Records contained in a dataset
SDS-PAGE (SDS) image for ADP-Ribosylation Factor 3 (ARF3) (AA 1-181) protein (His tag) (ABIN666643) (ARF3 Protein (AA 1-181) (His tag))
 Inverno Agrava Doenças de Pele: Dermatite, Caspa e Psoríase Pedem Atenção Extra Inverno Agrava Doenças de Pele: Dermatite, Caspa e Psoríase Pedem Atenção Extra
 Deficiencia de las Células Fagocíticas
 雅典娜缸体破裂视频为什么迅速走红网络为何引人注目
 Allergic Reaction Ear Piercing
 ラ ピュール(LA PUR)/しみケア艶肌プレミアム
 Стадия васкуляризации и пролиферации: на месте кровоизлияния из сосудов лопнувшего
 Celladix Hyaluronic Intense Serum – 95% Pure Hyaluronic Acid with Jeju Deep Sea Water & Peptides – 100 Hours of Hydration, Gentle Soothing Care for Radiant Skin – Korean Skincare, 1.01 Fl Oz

## Assignment
Retype every record above exactly as it appears.

## Solution below
SDS-PAGE (SDS) image for ADP-Ribosylation Factor 3 (ARF3) (AA 1-181) protein (His tag) (ABIN666643) (ARF3 Protein (AA 1-181) (His tag))
 Inverno Agrava Doenças de Pele: Dermatite, Caspa e Psoríase Pedem Atenção Extra Inverno Agrava Doenças de Pele: Dermatite, Caspa e Psoríase Pedem Atenção Extra
 Deficiencia de las Células Fagocíticas
 雅典娜缸体破裂视频为什么迅速走红网络为何引人注目
 Allergic Reaction Ear Piercing
 ラ ピュール(LA PUR)/しみケア艶肌プレミアム
 Стадия васкуляризации и пролиферации: на месте кровоизлияния из сосудов лопнувшего
 Celladix Hyaluronic Intense Serum – 95% Pure Hyaluronic Acid with Jeju Deep Sea Water & Peptides – 100 Hours of Hydration, Gentle Soothing Care for Radiant Skin – Korean Skincare, 1.01 Fl Oz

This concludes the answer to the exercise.